VectorIndexManager (from index/vector_index.h) — cosine-similarity search for findSimilarDocuments(). Wire via KnowledgeGraphEnricher::setVectorIndex(&vim). Pass nullptr (default) to run without a vector index.

Usage Examples

#include "training/auto_labeler.h"
#include "training/incremental_lora_trainer.h"
#include "training/knowledge_graph_enricher.h"
#include "query/query_engine.h"
#include "query/aql_runner.h"

using namespace themis::training;

// --- 0. Obtain a QueryEngine (wired to your RocksDB instance) ---
// RocksDBWrapper db(...);  db.open();
// SecondaryIndexManager idx(db);
// QueryEngine engine(db, idx);
//
// Pass &engine to components that need DB access, or nullptr for offline mode.

// --- 1. Auto-label legal documents (DB-connected mode) ---
AutoLabelConfig label_config;
label_config.source_collection  = "legal_documents";
label_config.target_collection  = "legal_training_samples";
label_config.language_code      = "de";
label_config.min_confidence     = 0.6f;
label_config.flag_low_confidence = true;

// Pass &engine to enable AQL-based document fetch.
// Omit the third argument (or pass nullptr) for offline/test mode.
LegalAutoLabeler labeler(label_config, "rocksdb://./data", &engine);
LabelingStats stats = labeler.labelAll(
    [](size_t done, size_t total, const std::string& msg) {
        // progress
    }
);
// stats.documents_processed — number of documents fetched and labeled
// stats.samples_created     — total training samples generated

// Label only documents matching an arbitrary AQL query:
auto custom_stats = labeler.labelQuery(
    "FOR doc IN legal_documents FILTER doc.jurisdiction == 'DE' RETURN doc._key");

// --- 2. Enrich samples with graph context ---
EnrichmentConfig enrich_config;
enrich_config.include_provisions  = true;
enrich_config.include_case_law    = true;
enrich_config.include_similar_docs = true;
enrich_config.max_related_items   = 5;
enrich_config.similarity_threshold = 0.75f;

// RocksDBWrapper db(...);  db.open();
// VectorIndexManager vim(db);
// vim.init("documents", /*dim=*/1536, VectorIndexManager::Metric::COSINE);
// (populate vim with document embeddings, then:)

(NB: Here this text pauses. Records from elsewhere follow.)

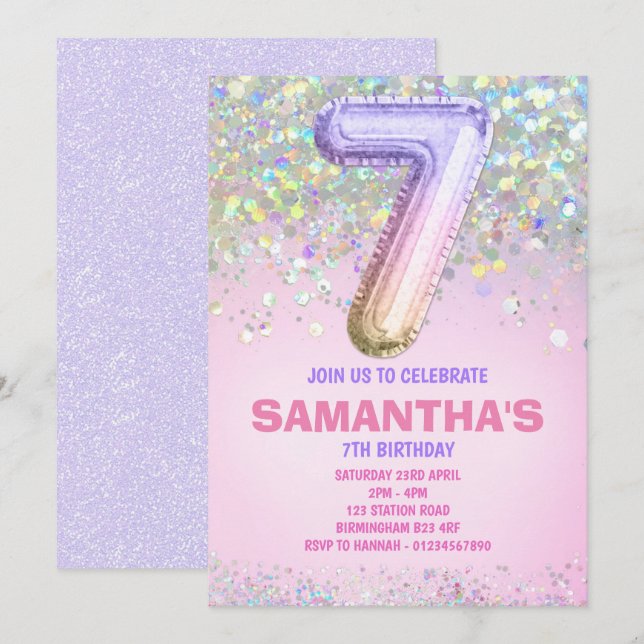7th Birthday, Rainbow Glitter Birthday Invitation (Front/Back)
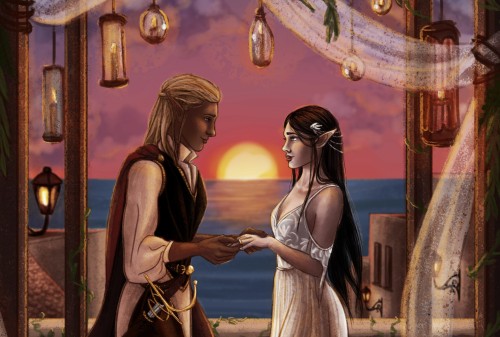 saraheliza95:Neria and Zev eloping in Antiva for the @dragonageden theme week prompt “marriage.” I w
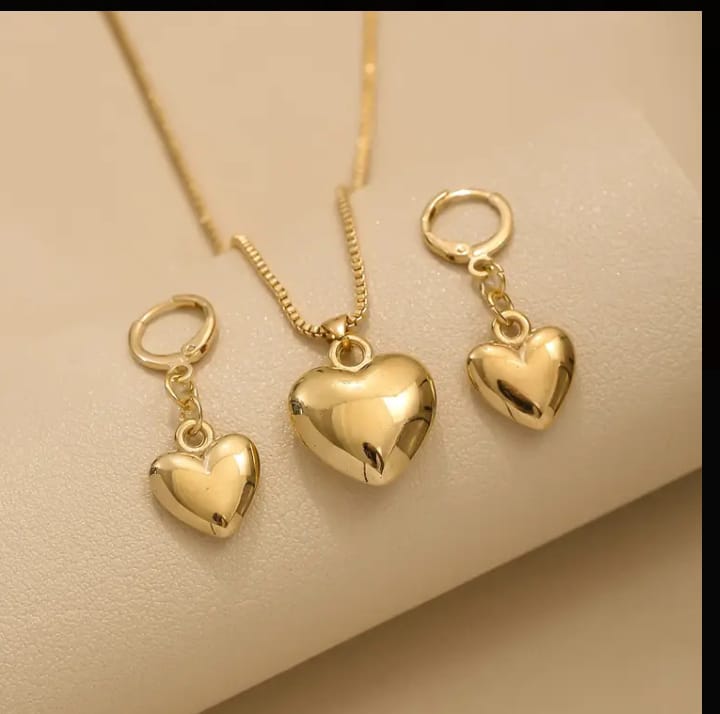 Golden Grace – 2-Piece Jewelry Set with Necklace & Earrings | Party & Daily Wear without box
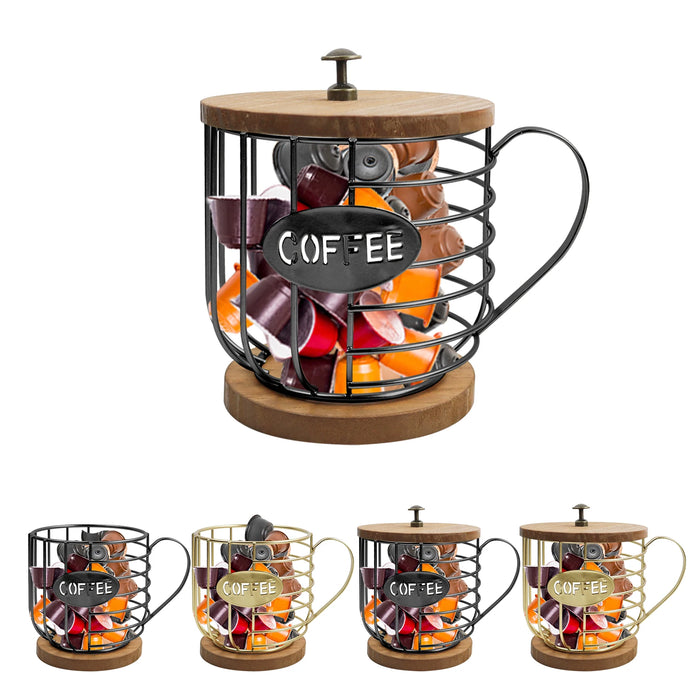 Mug-Shaped Coffee Pod Holder for K-Cups — Metal Countertop Organiser
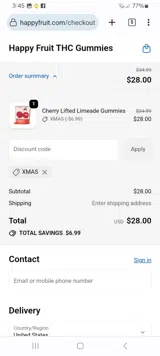 Happy Fruit coupon verification screenshot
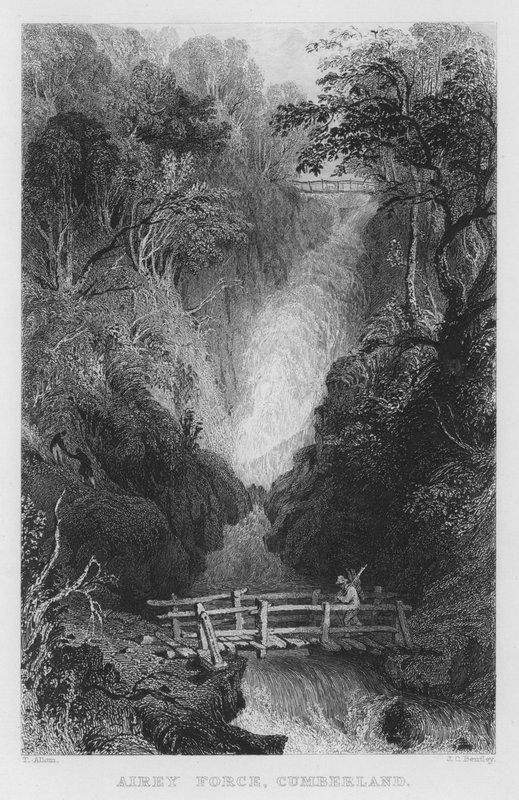 Airey Force, Cumberland (gravura) de Thomas (after) Allom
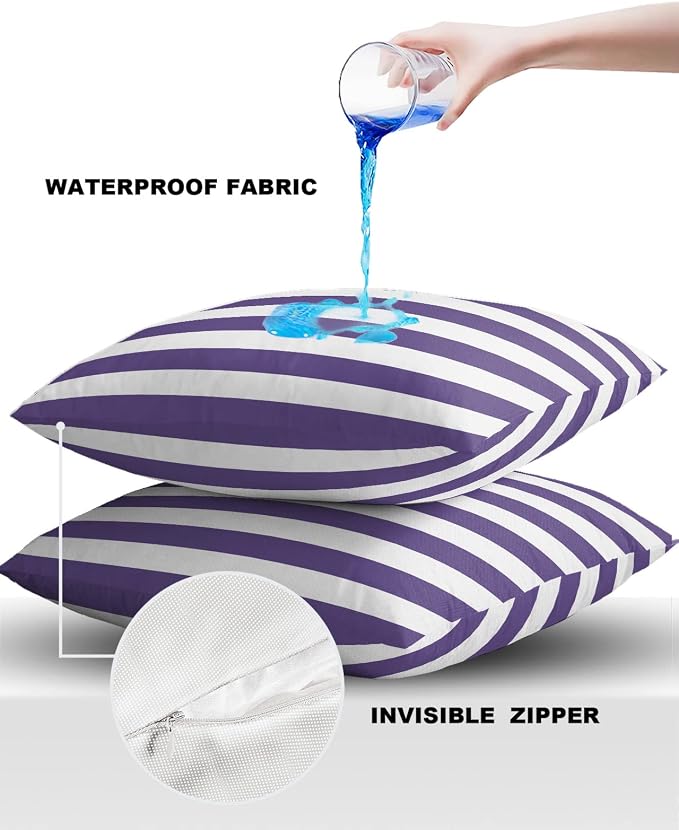 Outdoor Waterproof Pillow Covers for Patio Furniture Purple and White Stripes Decorative Throw Pillow Cover Solid Striped Pillowcases Set of 2 Cushion Case for Sofa Couch Chair 26 x 26 in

KnowledgeGraphEnricher enricher(enrich_config, "rocksdb://./data");
enricher.setVectorIndex(&vim);   // wire real cosine-similarity search
                                  // omit (or pass nullptr) for offline/test mode
enricher.enrichAll();

// Enrich a single sample
GraphContext ctx = enricher.enrichSample("sample_001");
// ctx.related_provisions, ctx.case_law, ctx.similar_documents

// Direct vector-similarity query (returns pairs of {doc_id, cosine_score ∈ [0,1]})
auto similar = enricher.findSimilarDocuments("doc_001", /*max_results=*/5);
// similar[0] = {"doc_042", 0.97f}, similar[1] = {"doc_017", 0.84f}, ...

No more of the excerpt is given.